OpenAssistant Conversations - Democratizing Large Language Model Alignment

Paper · arXiv 2304.07327 · Published April 14, 2023
Alignment

In an effort to democratize research on large-scale alignment, we release OpenAssistant Conversations, a human-generated, human-annotated assistant-style conversation corpus consisting of 161,443 messages in 35 different languages, annotated with 461,292 quality ratings, resulting in over 10,000 complete and fully annotated conversation trees. The corpus is a product of a worldwide crowd-sourcing effort involving over 13,500 volunteers.

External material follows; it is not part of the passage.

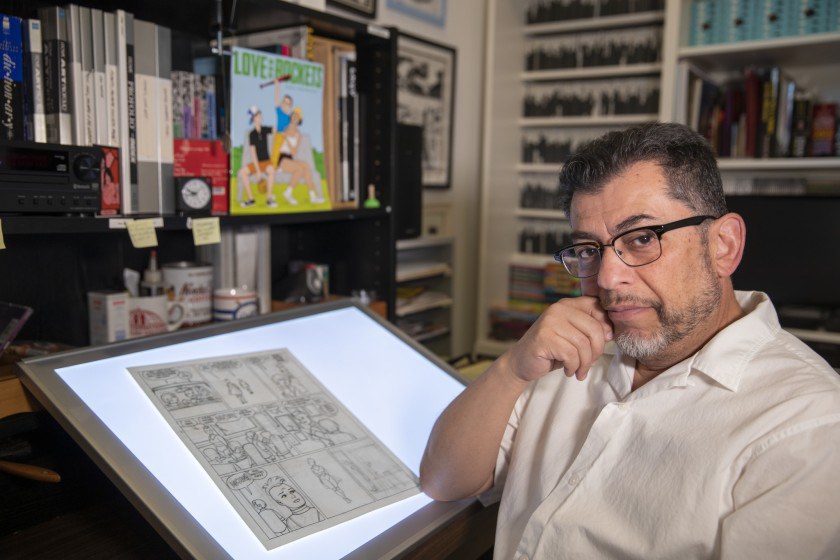 Jaime Hernández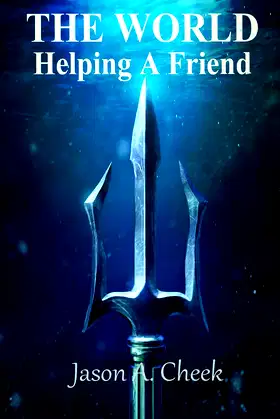 Helping A Friend (The World) poster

The proposed dataset consists of a list of conversations. The basic data structure is a Conversation Tree (CT), with nodes representing written messages in a conversation. A CT’s root node represents an initial prompt, given by the prompter. To avoid confusion, we call the roles of the conversation prompter and assistant. This allows us to reserve the term user for the human contributors. Although our efforts focus largely on human contributions, both the prompter and assistant roles can, in principle, be fulfilled by either a human user or a machine. Every tree node is labelled by its role, and can have multiple children of the opposite role, each of which represents a separate next step in the conversation. A path from the root to any node in the tree (including to itself) is called a thread, and it represents a valid conversation with the prompter and the assistant taking turns. Tree nodes are annotated with additional data such as user-provided labels and metadata, such as collection timestamp and indicated language. Each assistant node further has a rank associated which orders it compared to replies of the parent prompt, according to user preferences.

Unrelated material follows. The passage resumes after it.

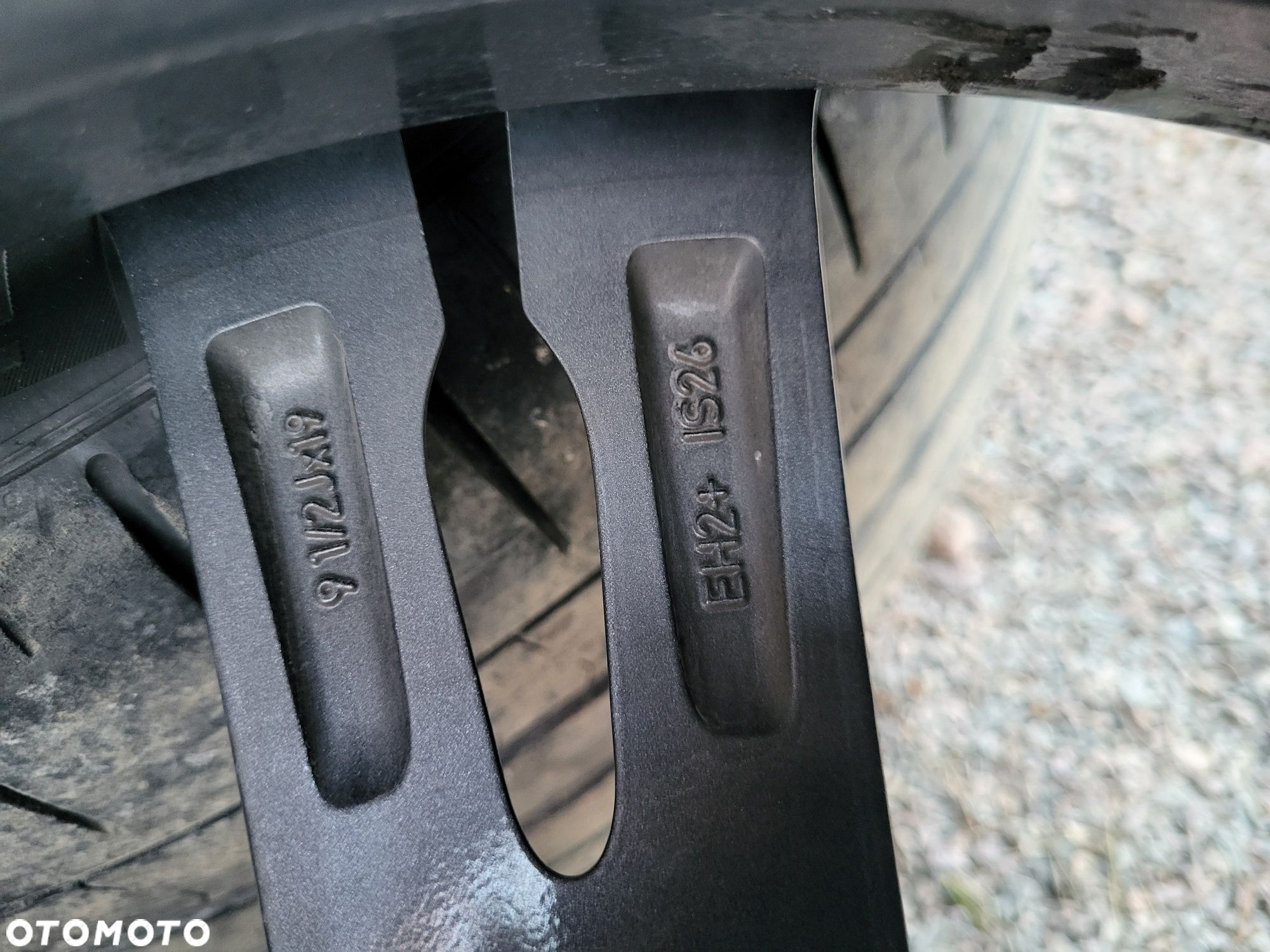 Koła Felgi 19 cali BMW m5 f90 G30 G31 - 8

Reply as prompter. The task of replying as a prompter, on the other hand, does not impose strict quality requirements but instead emphasizes on the importance of diversity to accommodate various use-cases. Examples of prompter replies may include asking for clarification, modifying the original intent, posing a follow-up question, or changing the direction of the conversation altogether.

Label a prompt or reply. Users are presented with a message from the database along with the preceding conversation thread (if available) and are asked to categorize the message according to three dimensions: spam detection, guideline adherence, and quality.